Required work: Repeat the records below exactly from the line containing "SUZUKI_SWIFT_2024-51" to the line containing "24331+437IAӋPRO", taking in both of those lines. Drop the pictures.

* * * * *

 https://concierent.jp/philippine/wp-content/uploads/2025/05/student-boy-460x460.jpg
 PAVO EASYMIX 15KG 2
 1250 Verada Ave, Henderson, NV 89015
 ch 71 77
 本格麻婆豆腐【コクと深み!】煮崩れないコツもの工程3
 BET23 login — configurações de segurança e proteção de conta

* * * * *

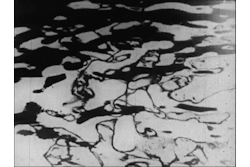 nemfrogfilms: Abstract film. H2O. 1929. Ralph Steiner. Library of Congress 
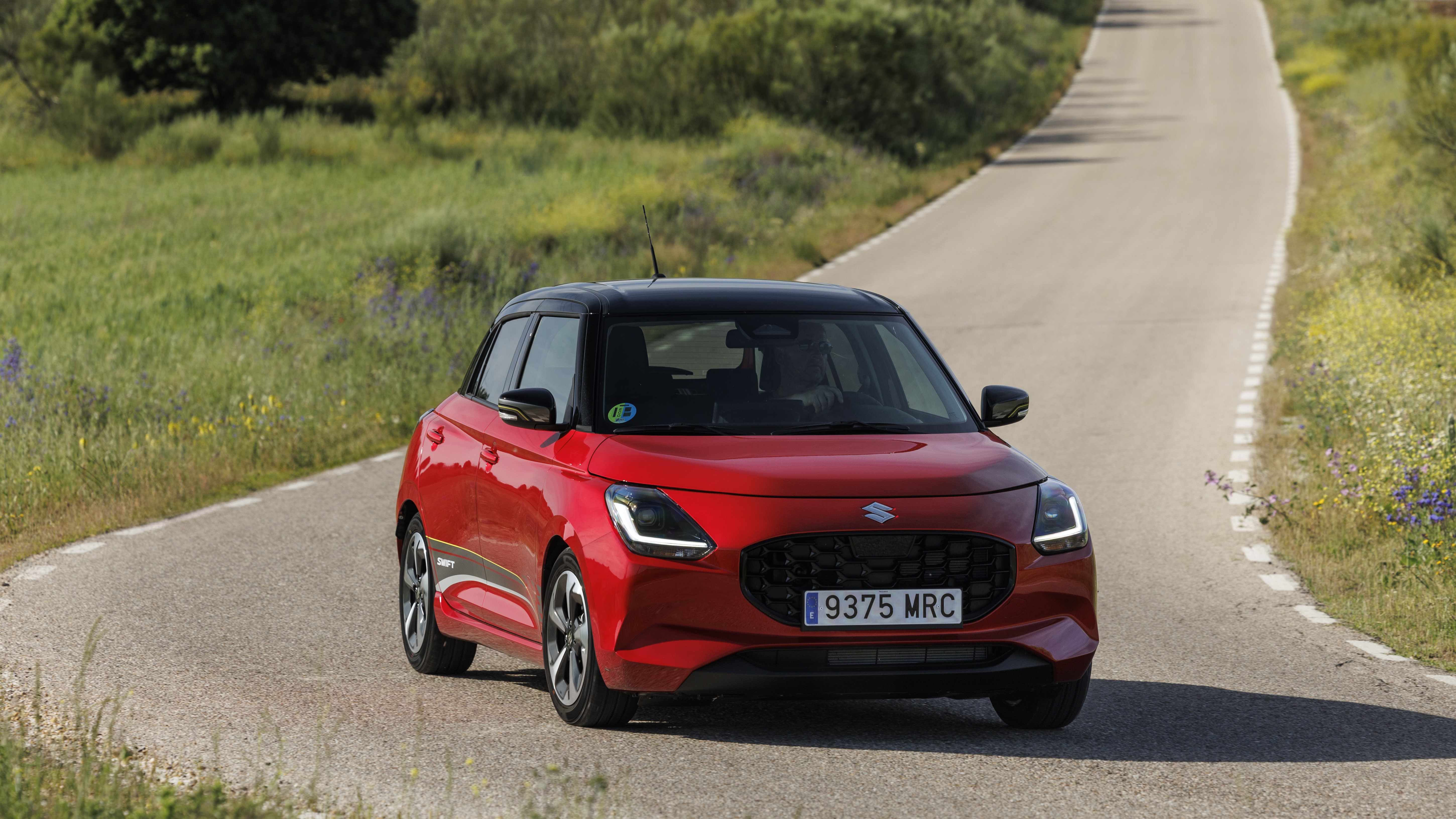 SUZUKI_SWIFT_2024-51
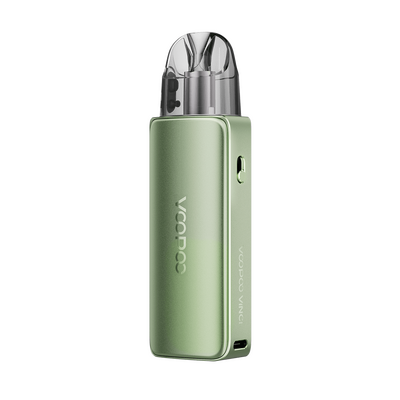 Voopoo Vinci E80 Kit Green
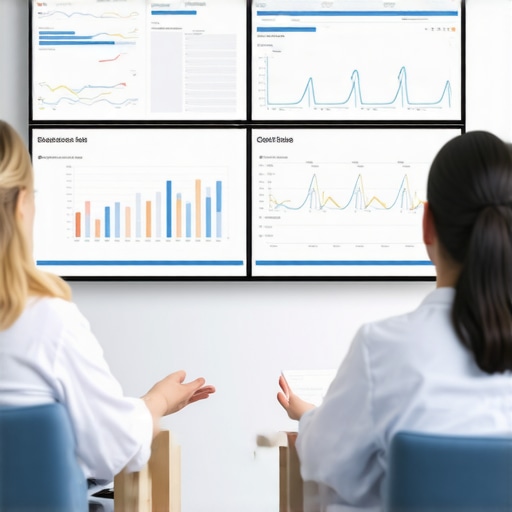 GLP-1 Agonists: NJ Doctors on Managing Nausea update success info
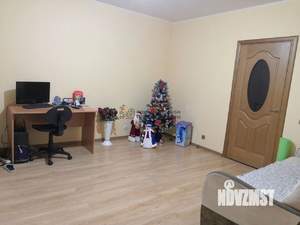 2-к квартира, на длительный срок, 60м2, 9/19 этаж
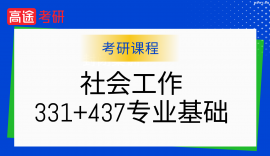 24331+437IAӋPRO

* * * * *

Task output:
 SUZUKI_SWIFT_2024-51
 Voopoo Vinci E80 Kit Green
 GLP-1 Agonists: NJ Doctors on Managing Nausea update success info
 2-к квартира, на длительный срок, 60м2, 9/19 этаж
 24331+437IAӋPRO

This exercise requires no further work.